Anche la formulazione delle aspetattive sulla futura traiettoria dei tassi sarà oggetto di revisione. Si tratta della cosiddetta forward guidance e - ad esempio - nell'ultima riunione di luglio è stata così formulata: "Il Consiglio direttivo si attende che i tassi di interesse di riferimento della BCE si mantengano su livelli pari o inferiori a quelli attuali almeno fino a tutta la prima metà del 2020 e in ogni caso finché sarà necessario per assicurare che l'inflazione continui stabilmente a convergere verso il valore perseguito nel medio termine" (vicino al 2%, ndr). Con l'abbassamento dei tassi e l'avvio di un nuovo Qe (ci torneremo dopo), da Abn Amro si aspettano che si confermino livelli "pari o inferiori" ben oltre la fine degli acquisti di titoli attraverso il Qe. Probabile si lasci stare un chiaro riferimento temporale, ma la sostenza dovrebbe esser di garantire tassi bassi almeno fino al 2021.

 

Questo punto si lega strettamente al Quantitative easing, il piano d'acquisti straordinario che potrebbe esser rilanciato.

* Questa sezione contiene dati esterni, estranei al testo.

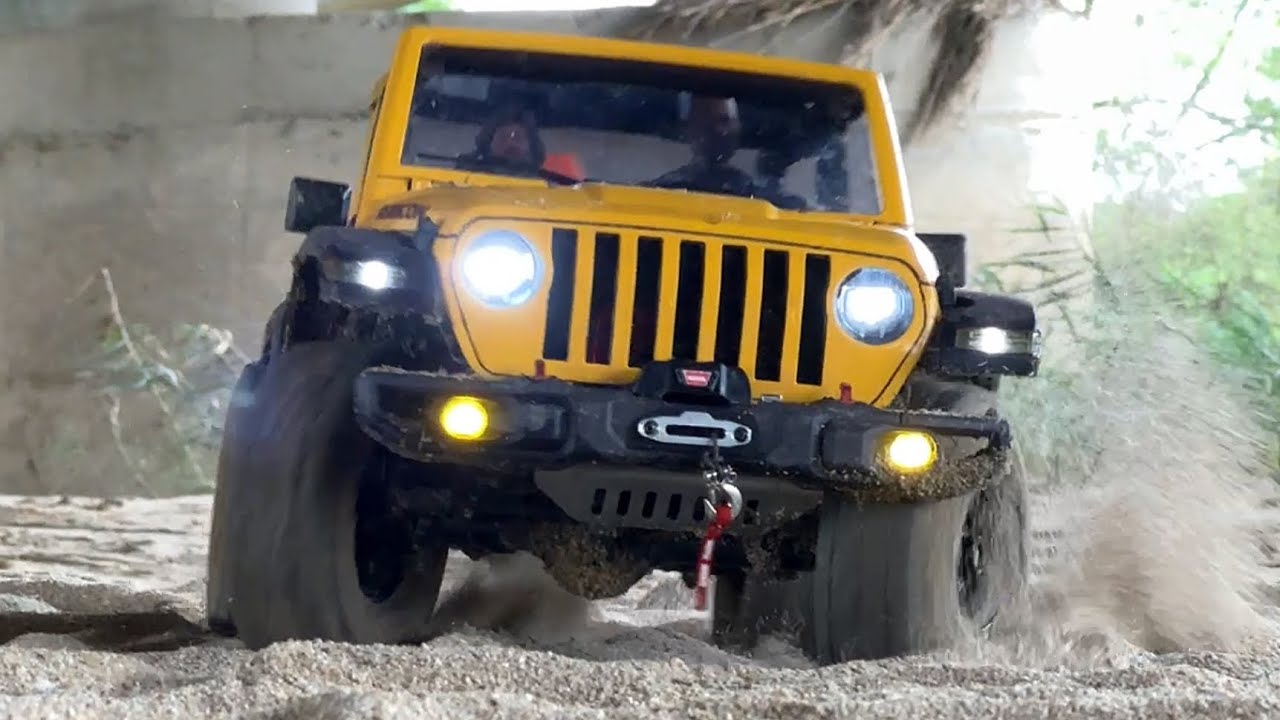 1/10 Scale Jeep Wrangler Rubicon JL 2-door Custom body RC4WD TF2 Chassis Off-road driving 4X4 Rc Car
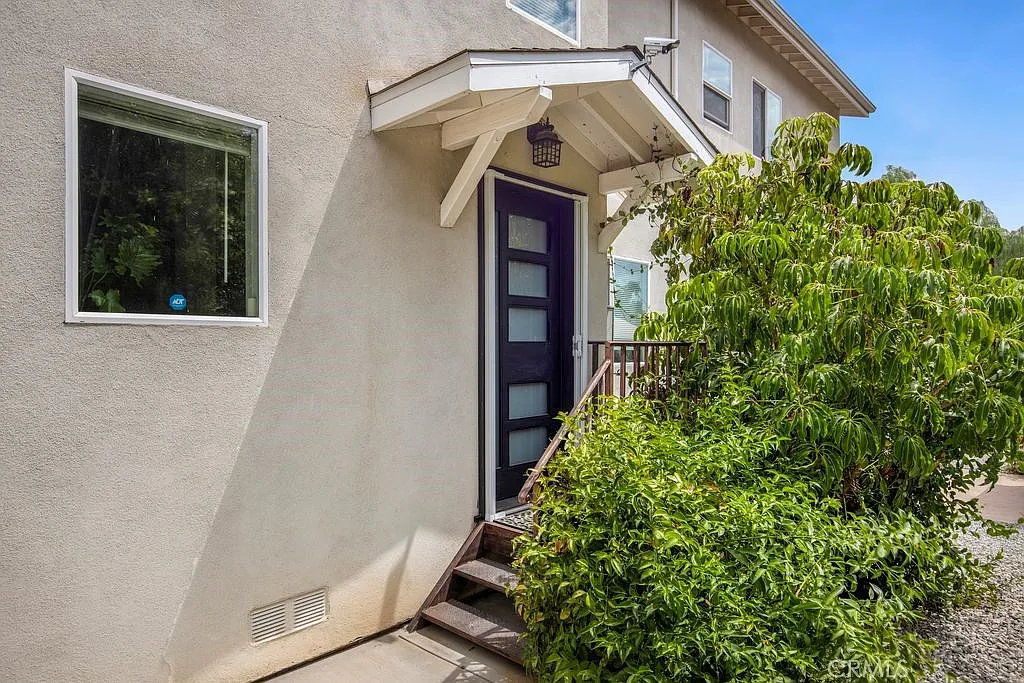 3 bed, 2074 sqft, $5,800 — Photo 4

Su questo le previsioni variano maggiormente e, negli ultimi giorni, è stata messa in discussione la certezza circa il suo lancio. Non sono infatti mancati i dubbi da parte dei governatori più "falchi" e anche da parte di osservatori terzi. Non ultimo, il vicepresidente Bce Luis de Guindos ha sottolineato come le attese del mercato siano forse state esagerate e come sia ormai ora che gli Stati facciano la loro parte con le riforme strutturali e le politiche fiscali, anziché continuare a fare affidamento solo sulla Bce. Da Unicredit aiutano a fare il conto dell'ottimismo che si è stratificato nei due mesi estivi (luglio-agosto). Basta prendere il caso del Bund decennale, "per vedere le cose nella giusta prospettiva". Il suo rendimento è arrivato a un picco di -0,19% il 12 luglio, per poi precipitare a -0,74% il 3 di settembre. Da allora, è tornato a -0,55% e ciò significa che negli ultimissimi giorni ha eroso un terzo della sua riduzione del rendimento. Come a dire che forse ci si è resi conto della corsa eccessiva.

 

Ecco cosa si prevede allora. Le aspettative in Barclays sono per un programma contenuto, a partire da gennaio 2020, nell'ordine di 20-30 miliardi al mese. Anche BofA parla di un "small" Qe e indica 30 miliardi per 9-12 mesi. In linea il conensus degli analisti, mentre spariglia Abn Amro: pronostica 70 miliardi, a cominciare già da ottobre e per un anno. Come ha detto giustamente Morgan Stanley, "il diavolo è nei dettagli dei pacchetto": si guarderà ad esempio ai meccanismi che disciplinano gli acquisti, si parla persino di un superamento del limite del 33% delle emissioni per ciascun Paese, che non piace alla Germania.

 

Infine, potrebbe arrivare una limatura alle aste di liquidità agevolata per le banche (le Tltro): la prima è in agenda il 19 settembre e potrebbe esser un poco più generosa per gli istituti nelle sue condizioni.